____ AVAILABLE RECORDS

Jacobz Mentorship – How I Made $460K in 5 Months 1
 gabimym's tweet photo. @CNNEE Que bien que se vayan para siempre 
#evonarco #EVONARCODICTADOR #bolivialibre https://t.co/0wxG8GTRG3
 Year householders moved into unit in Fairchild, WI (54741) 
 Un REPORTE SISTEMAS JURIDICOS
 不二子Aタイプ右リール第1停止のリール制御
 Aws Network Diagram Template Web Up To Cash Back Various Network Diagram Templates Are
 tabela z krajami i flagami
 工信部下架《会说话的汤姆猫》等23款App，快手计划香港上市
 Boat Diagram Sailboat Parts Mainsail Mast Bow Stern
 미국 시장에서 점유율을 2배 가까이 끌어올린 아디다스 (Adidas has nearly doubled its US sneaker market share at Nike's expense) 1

________

Lines from the one containing "#evonarco #EVONARCODICTADOR #bolivialibre" through the last line of the data above are the only output wanted; restate them exactly.

#evonarco #EVONARCODICTADOR #bolivialibre https://t.co/0wxG8GTRG3
 Year householders moved into unit in Fairchild, WI (54741) 
 Un REPORTE SISTEMAS JURIDICOS
 不二子Aタイプ右リール第1停止のリール制御
 Aws Network Diagram Template Web Up To Cash Back Various Network Diagram Templates Are
 tabela z krajami i flagami
 工信部下架《会说话的汤姆猫》等23款App，快手计划香港上市
 Boat Diagram Sailboat Parts Mainsail Mast Bow Stern
 미국 시장에서 점유율을 2배 가까이 끌어올린 아디다스 (Adidas has nearly doubled its US sneaker market share at Nike's expense) 1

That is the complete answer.